I eat a tonne of jasmine rice (real high gi) and a protein source and take the shot once I'm done.



seandog69 said:


> what height and weight are you now and what weight are you looking to get to?
> 
> likewise what are your current lifts and what would you like them to get to?


I'm 95kg and 6ft.

I'm not sure I'm not really a weight type of guy, but would be nice to see a lean 105kg on the scale lol 

As long as I'm progressing, I'm not looking for numbers BUT with that said (I've not done 1rm for ages) I'm sitting at Bench 127.5 x 7, Squat 192.5 x 5, Deadlift 215 x 9. Would love 3 plates on the bench and an extra 20kgs/30kgs on the squat and deadlift lol If that could happen I would be extremely happy 



Muthaphukker said:


> Whats the time difference between these 2 photos? Great transformation pal


----------



## seandog69 (Mar 8, 2013)

Wasp said:


> I'm 95kg and 6ft.
> 
> I'm not sure I'm not really a weight type of guy, but would be nice to see a lean 105kg on the scale lol
> 
> As long as I'm progressing, I'm not looking for numbers BUT with that said (I've not done 1rm for ages) I'm sitting at Bench 127.5 x 7, Squat 192.5 x 5, Deadlift 215 x 9. Would love 3 plates on the bench and an extra 20kgs/30kgs on the squat and deadlift lol If that could happen I would be extremely happy


Lol you troll motherfcker, that is some serious squat weight and I don't know how you don't define them numbers as strong, maybe not as strong as you'd like, sure, but I gurantee there's people watching in awe when you lift and there will be people watching

If you're looking to increase the numbers a bit maybe it's time to switch up the training to a powerlifting routine for a bit, get a nice boost to the bar, you've certainly got the base for it bud

And as previously said, great transformation and amazing physique right now


----------



## Wasp (Nov 1, 2009)

seandog69 said:


> Lol you troll motherfcker, that is some serious squat weight and I don't know how you don't define them numbers as strong, maybe not as strong as you'd like, sure, but I gurantee there's people watching in awe when you lift and there will be people watching
> 
> If you're looking to increase the numbers a bit maybe it's time to switch up the training to a powerlifting routine for a bit, get a nice boost to the bar, you've certainly got the base for it bud
> 
> And as previously said, great transformation and amazing physique right now


Thanks man, I'm used to people through various mirror angles. Yeh, strong is relative when you watch Eric Lillybridge for enjoyment lol

Powerlifting is defiantly my at the forefront and end goal but I just don't really understand the training. I had a few email conversations with Eric and he trains three times a week, alternating between a heavy and light squat and deadlift a week. So in reality he's only having a max session once a fortnight. I enjoy my high frequency and don't think I could pry myself away from it.

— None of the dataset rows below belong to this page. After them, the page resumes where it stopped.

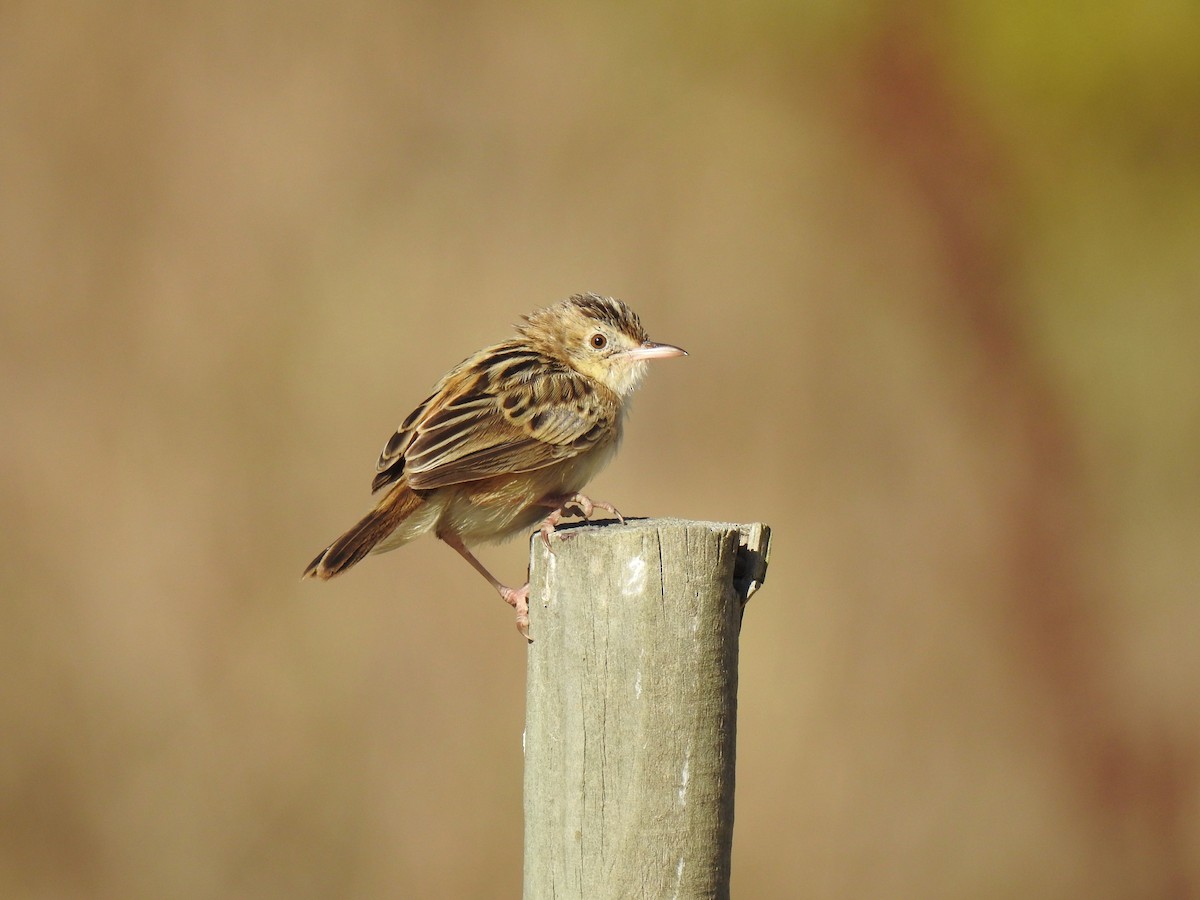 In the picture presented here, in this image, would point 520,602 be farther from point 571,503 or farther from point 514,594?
point 571,503

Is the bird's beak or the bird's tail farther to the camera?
the bird's beak

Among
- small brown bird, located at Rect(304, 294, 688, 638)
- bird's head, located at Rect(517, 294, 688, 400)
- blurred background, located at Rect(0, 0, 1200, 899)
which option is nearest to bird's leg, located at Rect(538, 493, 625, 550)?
small brown bird, located at Rect(304, 294, 688, 638)

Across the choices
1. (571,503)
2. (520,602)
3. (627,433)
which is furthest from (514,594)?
(627,433)

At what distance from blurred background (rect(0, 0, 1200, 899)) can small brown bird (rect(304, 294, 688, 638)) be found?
9.66 feet

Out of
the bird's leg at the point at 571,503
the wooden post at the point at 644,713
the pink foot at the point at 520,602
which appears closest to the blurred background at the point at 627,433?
the bird's leg at the point at 571,503

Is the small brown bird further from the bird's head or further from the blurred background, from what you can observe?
the blurred background

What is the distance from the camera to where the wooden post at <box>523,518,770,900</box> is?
136 inches

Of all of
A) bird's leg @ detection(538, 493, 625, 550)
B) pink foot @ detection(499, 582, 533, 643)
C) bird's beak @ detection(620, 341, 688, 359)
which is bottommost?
pink foot @ detection(499, 582, 533, 643)

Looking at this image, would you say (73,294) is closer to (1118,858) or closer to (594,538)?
(594,538)

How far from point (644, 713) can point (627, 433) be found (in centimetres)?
534

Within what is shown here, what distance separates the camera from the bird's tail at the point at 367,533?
4.73 meters

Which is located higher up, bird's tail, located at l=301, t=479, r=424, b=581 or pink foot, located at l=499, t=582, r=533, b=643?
bird's tail, located at l=301, t=479, r=424, b=581

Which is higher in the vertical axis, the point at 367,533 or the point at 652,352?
the point at 652,352

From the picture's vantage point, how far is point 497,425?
5246mm
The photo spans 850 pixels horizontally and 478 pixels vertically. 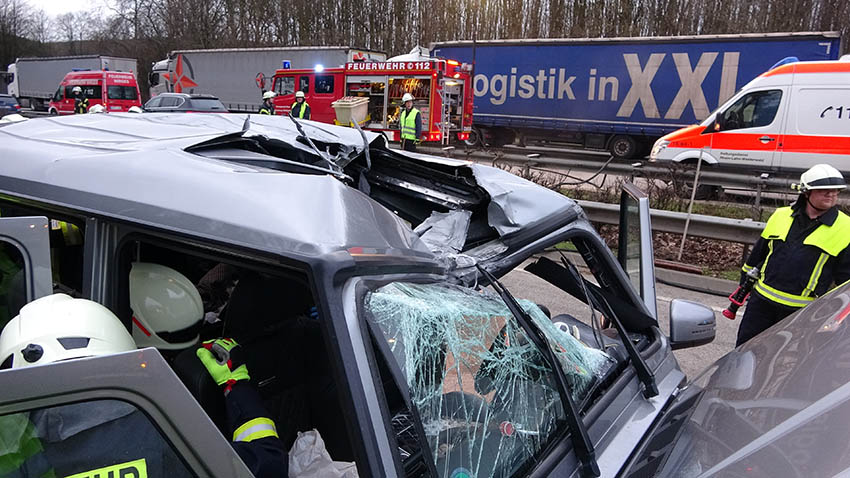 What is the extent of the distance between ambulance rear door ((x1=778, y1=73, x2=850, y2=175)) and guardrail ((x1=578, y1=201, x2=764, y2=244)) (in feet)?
22.5

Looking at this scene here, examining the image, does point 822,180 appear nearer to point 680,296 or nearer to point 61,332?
point 680,296

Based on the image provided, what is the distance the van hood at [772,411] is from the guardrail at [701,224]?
494 centimetres

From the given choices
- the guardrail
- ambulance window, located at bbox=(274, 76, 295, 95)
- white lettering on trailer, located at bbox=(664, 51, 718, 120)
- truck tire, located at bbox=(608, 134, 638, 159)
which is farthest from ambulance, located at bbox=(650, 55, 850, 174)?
ambulance window, located at bbox=(274, 76, 295, 95)

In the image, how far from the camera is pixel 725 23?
27.9 m

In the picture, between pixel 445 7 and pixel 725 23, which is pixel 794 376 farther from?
pixel 445 7

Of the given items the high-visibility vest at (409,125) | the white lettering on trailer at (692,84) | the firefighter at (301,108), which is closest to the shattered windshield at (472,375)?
the high-visibility vest at (409,125)

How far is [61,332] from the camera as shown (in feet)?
4.57

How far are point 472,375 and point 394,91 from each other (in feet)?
63.2

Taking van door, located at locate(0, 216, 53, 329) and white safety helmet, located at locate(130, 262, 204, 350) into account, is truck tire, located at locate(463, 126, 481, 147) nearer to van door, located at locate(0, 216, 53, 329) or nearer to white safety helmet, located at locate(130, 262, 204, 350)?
white safety helmet, located at locate(130, 262, 204, 350)

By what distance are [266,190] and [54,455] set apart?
0.74 meters

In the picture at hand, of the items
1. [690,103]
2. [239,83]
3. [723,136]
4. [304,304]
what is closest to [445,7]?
[239,83]

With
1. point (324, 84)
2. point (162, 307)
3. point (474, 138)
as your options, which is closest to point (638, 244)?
point (162, 307)

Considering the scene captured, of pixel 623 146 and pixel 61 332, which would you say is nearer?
pixel 61 332

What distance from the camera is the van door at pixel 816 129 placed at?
1152cm
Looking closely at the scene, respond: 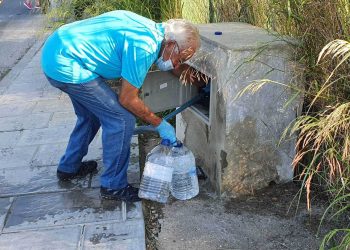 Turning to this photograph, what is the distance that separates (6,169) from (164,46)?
2.03 meters

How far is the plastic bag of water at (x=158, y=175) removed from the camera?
366cm

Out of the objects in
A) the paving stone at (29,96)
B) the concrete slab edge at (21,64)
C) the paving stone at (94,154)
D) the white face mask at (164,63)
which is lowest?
the concrete slab edge at (21,64)

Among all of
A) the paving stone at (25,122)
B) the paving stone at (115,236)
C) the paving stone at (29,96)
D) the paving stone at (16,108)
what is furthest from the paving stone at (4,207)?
the paving stone at (29,96)

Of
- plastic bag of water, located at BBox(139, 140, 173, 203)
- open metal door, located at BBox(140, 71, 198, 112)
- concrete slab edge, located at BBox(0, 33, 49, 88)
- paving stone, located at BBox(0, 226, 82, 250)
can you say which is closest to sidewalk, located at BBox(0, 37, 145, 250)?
paving stone, located at BBox(0, 226, 82, 250)

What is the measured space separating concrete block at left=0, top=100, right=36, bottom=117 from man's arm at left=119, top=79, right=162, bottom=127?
10.3 feet

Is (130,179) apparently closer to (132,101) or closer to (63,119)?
(132,101)

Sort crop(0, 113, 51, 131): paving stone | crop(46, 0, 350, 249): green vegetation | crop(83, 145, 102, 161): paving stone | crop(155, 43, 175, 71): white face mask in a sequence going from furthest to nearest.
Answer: crop(0, 113, 51, 131): paving stone
crop(83, 145, 102, 161): paving stone
crop(155, 43, 175, 71): white face mask
crop(46, 0, 350, 249): green vegetation

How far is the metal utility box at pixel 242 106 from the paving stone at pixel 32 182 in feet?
3.16

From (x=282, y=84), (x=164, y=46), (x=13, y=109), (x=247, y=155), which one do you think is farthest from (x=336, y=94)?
(x=13, y=109)

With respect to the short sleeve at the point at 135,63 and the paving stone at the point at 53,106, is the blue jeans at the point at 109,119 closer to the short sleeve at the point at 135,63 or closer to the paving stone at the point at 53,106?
the short sleeve at the point at 135,63

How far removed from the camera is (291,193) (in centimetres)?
378

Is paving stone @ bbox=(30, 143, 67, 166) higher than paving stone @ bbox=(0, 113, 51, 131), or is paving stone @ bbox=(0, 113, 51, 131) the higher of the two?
paving stone @ bbox=(30, 143, 67, 166)

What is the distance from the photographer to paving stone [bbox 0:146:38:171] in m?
4.54

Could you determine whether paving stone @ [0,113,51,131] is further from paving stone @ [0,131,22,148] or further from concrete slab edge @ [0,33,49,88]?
concrete slab edge @ [0,33,49,88] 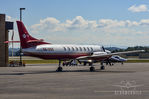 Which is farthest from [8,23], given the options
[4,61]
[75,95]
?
[75,95]

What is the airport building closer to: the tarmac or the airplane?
the airplane

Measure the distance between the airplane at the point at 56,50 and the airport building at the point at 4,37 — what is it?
20.7 meters

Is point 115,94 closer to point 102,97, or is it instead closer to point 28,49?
point 102,97

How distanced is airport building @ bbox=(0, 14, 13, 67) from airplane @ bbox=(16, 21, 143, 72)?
20.7m

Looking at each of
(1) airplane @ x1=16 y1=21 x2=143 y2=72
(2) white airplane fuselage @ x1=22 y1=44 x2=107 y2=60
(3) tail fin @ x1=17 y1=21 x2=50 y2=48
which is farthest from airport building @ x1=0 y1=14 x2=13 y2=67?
(2) white airplane fuselage @ x1=22 y1=44 x2=107 y2=60

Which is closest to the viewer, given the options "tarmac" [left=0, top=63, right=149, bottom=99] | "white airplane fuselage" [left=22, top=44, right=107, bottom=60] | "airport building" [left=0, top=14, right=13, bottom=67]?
"tarmac" [left=0, top=63, right=149, bottom=99]

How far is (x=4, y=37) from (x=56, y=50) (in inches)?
854

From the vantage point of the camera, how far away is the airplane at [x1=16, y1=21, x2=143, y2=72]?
114 ft

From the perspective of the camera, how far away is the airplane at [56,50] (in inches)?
1367

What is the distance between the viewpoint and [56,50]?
36.8 metres

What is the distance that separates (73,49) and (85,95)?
2368 centimetres

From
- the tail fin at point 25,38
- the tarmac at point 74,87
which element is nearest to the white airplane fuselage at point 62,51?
the tail fin at point 25,38

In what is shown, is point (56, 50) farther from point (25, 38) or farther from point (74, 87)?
point (74, 87)

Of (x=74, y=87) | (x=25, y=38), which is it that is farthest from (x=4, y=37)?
(x=74, y=87) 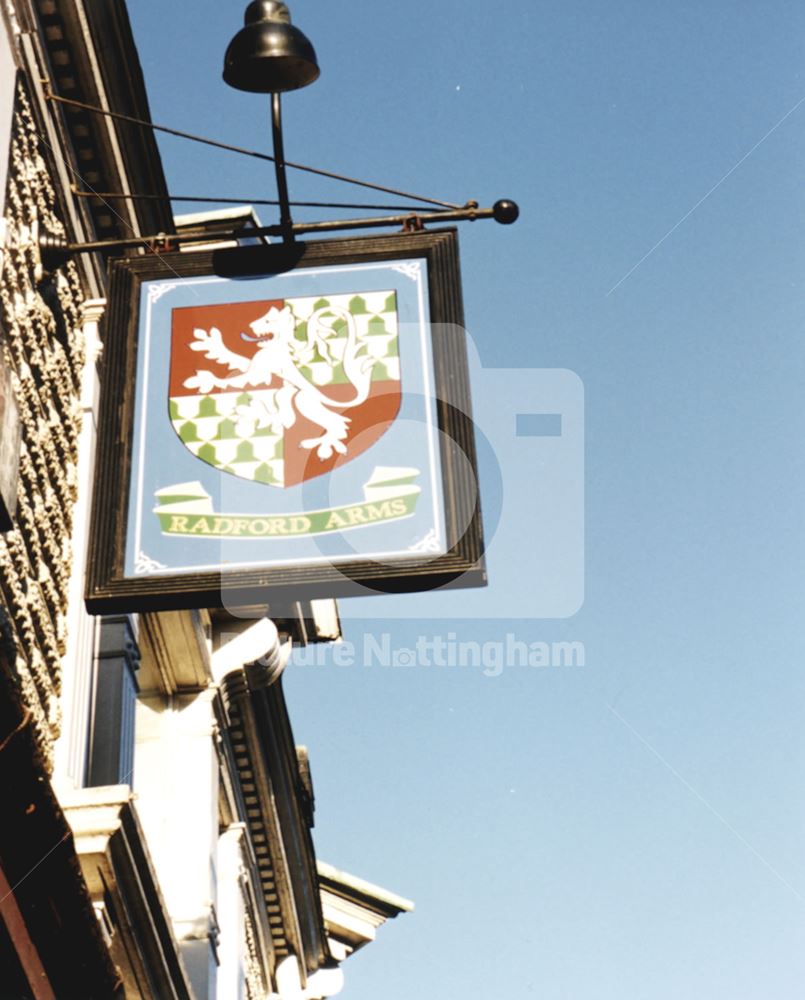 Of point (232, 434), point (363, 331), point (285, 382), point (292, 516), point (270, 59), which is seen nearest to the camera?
point (292, 516)

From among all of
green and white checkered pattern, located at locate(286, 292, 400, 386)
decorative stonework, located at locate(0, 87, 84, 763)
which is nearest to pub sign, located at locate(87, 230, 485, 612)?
green and white checkered pattern, located at locate(286, 292, 400, 386)

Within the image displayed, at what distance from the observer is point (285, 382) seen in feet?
26.1

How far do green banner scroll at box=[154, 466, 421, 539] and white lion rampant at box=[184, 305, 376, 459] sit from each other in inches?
13.1

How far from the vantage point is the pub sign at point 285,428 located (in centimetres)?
716

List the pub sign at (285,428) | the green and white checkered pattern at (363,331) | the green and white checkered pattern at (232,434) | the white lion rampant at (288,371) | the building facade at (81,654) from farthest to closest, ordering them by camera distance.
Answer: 1. the green and white checkered pattern at (363,331)
2. the white lion rampant at (288,371)
3. the green and white checkered pattern at (232,434)
4. the pub sign at (285,428)
5. the building facade at (81,654)

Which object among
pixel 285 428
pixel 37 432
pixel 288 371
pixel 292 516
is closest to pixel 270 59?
pixel 288 371

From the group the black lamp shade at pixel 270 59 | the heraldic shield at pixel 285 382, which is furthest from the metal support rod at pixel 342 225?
the black lamp shade at pixel 270 59

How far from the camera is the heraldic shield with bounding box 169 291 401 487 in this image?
25.1ft

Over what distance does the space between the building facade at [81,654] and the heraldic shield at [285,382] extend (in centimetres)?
86

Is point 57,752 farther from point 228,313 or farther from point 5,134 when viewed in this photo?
point 5,134

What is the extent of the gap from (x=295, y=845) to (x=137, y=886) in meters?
9.51

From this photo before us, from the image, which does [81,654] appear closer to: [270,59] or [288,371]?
[288,371]

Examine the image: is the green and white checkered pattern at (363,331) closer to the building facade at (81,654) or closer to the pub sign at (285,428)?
the pub sign at (285,428)

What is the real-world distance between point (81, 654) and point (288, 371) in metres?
2.72
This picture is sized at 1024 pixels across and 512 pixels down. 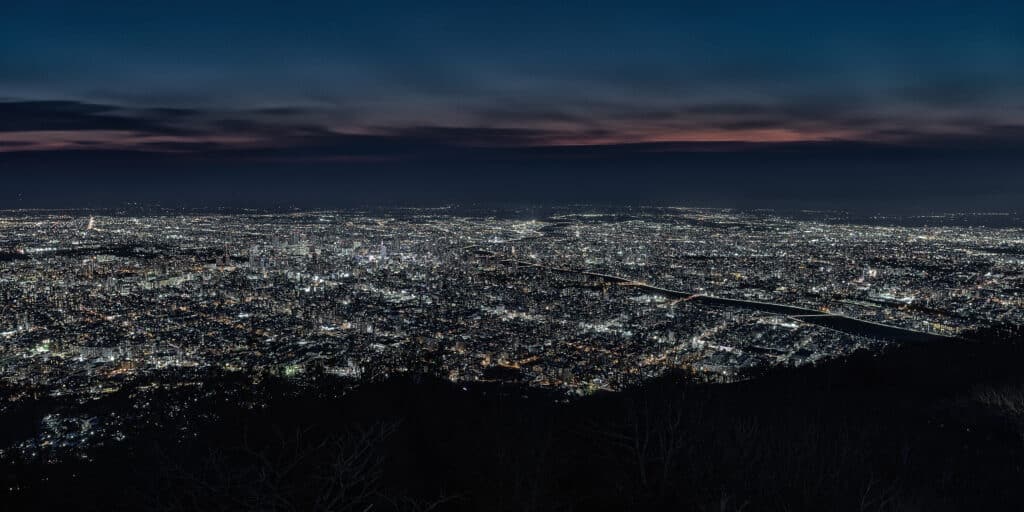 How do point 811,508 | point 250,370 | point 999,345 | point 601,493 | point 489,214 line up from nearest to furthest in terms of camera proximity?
point 811,508
point 601,493
point 250,370
point 999,345
point 489,214

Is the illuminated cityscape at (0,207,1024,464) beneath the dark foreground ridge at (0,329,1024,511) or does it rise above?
beneath

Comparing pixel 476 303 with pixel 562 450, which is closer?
pixel 562 450

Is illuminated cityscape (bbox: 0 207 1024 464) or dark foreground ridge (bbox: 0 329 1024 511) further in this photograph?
illuminated cityscape (bbox: 0 207 1024 464)

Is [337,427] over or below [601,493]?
below

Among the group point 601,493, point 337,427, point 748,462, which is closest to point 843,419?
point 748,462

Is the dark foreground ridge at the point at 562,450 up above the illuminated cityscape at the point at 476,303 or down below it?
above

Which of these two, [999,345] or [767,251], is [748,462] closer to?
[999,345]

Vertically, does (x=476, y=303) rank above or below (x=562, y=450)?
below

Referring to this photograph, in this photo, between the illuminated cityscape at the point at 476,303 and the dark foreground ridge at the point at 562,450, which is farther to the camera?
the illuminated cityscape at the point at 476,303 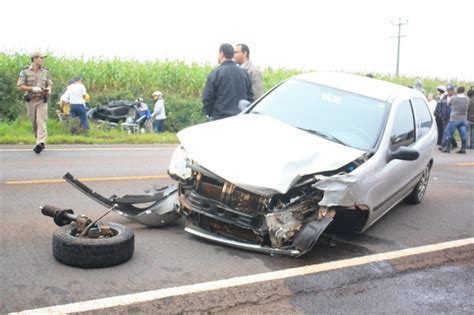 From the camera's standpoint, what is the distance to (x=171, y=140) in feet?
49.4

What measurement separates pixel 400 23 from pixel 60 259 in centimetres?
5969

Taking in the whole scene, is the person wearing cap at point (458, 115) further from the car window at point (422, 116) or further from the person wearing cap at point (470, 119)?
the car window at point (422, 116)


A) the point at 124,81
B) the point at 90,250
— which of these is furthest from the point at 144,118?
the point at 90,250

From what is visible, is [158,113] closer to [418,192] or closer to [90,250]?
[418,192]

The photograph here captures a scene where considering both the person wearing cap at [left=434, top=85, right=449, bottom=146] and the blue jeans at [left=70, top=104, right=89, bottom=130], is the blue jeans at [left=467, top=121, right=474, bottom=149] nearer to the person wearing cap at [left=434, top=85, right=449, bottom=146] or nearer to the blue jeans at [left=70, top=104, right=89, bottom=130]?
the person wearing cap at [left=434, top=85, right=449, bottom=146]

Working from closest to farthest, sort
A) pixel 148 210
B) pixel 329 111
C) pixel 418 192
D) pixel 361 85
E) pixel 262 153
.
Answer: pixel 262 153 → pixel 148 210 → pixel 329 111 → pixel 361 85 → pixel 418 192

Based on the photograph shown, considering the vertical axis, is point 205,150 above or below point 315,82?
below

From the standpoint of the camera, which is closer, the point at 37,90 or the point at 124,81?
the point at 37,90

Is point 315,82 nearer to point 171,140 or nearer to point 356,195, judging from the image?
point 356,195

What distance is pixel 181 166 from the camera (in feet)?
17.4

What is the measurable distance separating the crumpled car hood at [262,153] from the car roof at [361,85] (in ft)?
3.75

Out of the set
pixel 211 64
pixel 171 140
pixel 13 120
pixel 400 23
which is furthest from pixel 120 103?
pixel 400 23

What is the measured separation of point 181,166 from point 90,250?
4.30ft

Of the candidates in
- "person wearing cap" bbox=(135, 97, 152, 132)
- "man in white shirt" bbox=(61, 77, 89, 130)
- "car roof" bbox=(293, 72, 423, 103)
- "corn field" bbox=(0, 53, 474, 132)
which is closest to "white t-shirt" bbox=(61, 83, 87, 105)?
"man in white shirt" bbox=(61, 77, 89, 130) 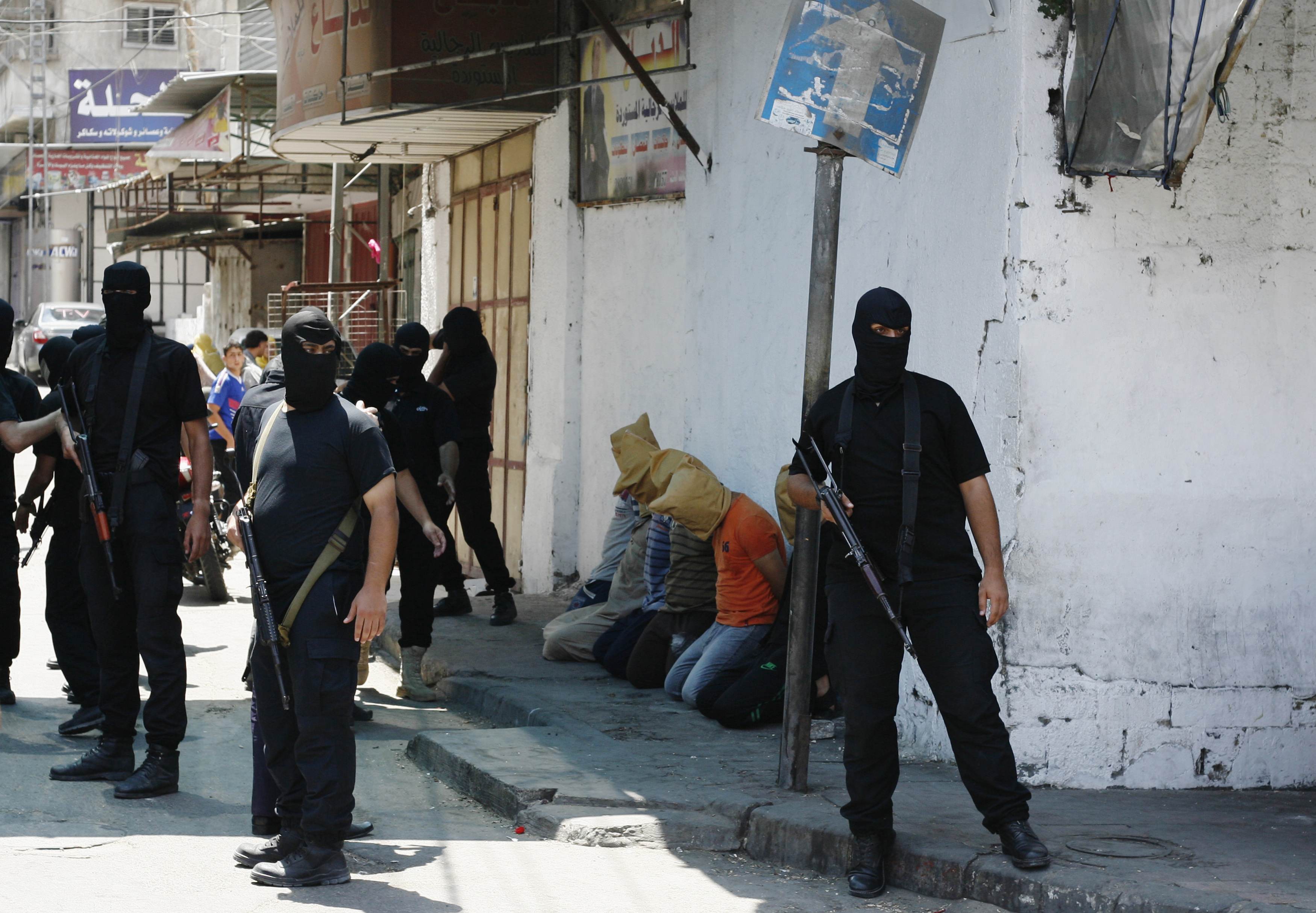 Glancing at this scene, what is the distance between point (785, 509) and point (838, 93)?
2.46m

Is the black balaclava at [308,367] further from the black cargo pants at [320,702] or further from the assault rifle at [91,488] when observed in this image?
the assault rifle at [91,488]

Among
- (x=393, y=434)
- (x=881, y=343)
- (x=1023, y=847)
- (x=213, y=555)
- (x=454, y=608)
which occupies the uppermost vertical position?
(x=881, y=343)

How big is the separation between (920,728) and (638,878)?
5.49 ft

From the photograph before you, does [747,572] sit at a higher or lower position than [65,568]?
higher

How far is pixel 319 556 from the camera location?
15.2 ft

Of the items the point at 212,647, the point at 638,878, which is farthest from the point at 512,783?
the point at 212,647

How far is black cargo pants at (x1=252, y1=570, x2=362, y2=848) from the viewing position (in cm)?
460

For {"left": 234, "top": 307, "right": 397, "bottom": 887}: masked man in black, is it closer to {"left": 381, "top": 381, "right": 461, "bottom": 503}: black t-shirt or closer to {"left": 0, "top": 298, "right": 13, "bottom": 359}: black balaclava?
{"left": 0, "top": 298, "right": 13, "bottom": 359}: black balaclava

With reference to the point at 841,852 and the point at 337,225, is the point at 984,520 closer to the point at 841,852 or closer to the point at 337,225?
the point at 841,852

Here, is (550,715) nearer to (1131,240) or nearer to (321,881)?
(321,881)

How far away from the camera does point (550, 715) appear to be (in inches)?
274

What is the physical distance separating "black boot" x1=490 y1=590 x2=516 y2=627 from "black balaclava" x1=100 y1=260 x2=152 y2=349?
12.8 feet

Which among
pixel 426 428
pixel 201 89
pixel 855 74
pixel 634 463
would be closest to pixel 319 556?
pixel 855 74

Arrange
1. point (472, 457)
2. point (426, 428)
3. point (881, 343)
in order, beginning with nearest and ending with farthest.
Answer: point (881, 343) < point (426, 428) < point (472, 457)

But yeh really appreciate the comments!


----------



## Wasp (Nov 1, 2009)

ddddn said:


> Looking good, what's the idea behind that training, why don't you just do phul?


Thanks bud.

Idea? Trying to get as much progress as I can. I believe any more working sets than 2, on a single exercise, are waisted energy and start to burn into your recovery period.

You're the strongest in the first working set, then aim is always to beet that each time on either weight or reps. The second ads another rep range, but more importantly used to increase intensity.

Doing things this way has allowed me to progress more efficiently as I never needed more than 3 days to recover opposed to larger more volume based splits.

Dunno what a phul is mate.. lol



ddddn said:


> How muck did you look at gaining a week on your bulk. I'm bulking and looking for advice, I am similar to your before picture and you physique seems achievable.


I didn't. I wanted to drop bodyfat so I kept an eye on that but for me my strength was always of more importance. I just let my body do what it needed to do and make sure I was getting stronger in the gym.


----------



## Guest (Apr 5, 2015)

That's a damn good squat statistic considering your other two lifts are relatively poor for your build/weight. I'd concentrate on building them up in line with the weight you're squatting.

Great transformation regardless mate.


----------



## TELBOR (Feb 20, 2012)

In mate! Should have @'d me lol


----------



## Wasp (Nov 1, 2009)

Spawn of Haney said:


> That's a damn good squat statistic considering your other two lifts are relatively poor for your build/weight. I'd concentrate on building them up in line with the weight you're squatting.
> 
> Great transformation regardless mate.


I thought it was pretty weak lol I've always struggled with the bench, I think it's because of my long arms.

Thanks bud.



R0BLET said:


> In mate! Should have @'d me lol


I didn't know I had friends to @ :')



ddddn said:


> What was your weight in the first picture and then in second?


first is about 78kg second 93/94kg - can't remember exactly without looking back.


----------



## Papa Smurf (Mar 11, 2011)

Amazing work in the last 18months, very interested in this


----------



## zyphy (Jun 23, 2014)

ddddn said:


> Would you attribute most of your gains down to gear or food if you had to choose one?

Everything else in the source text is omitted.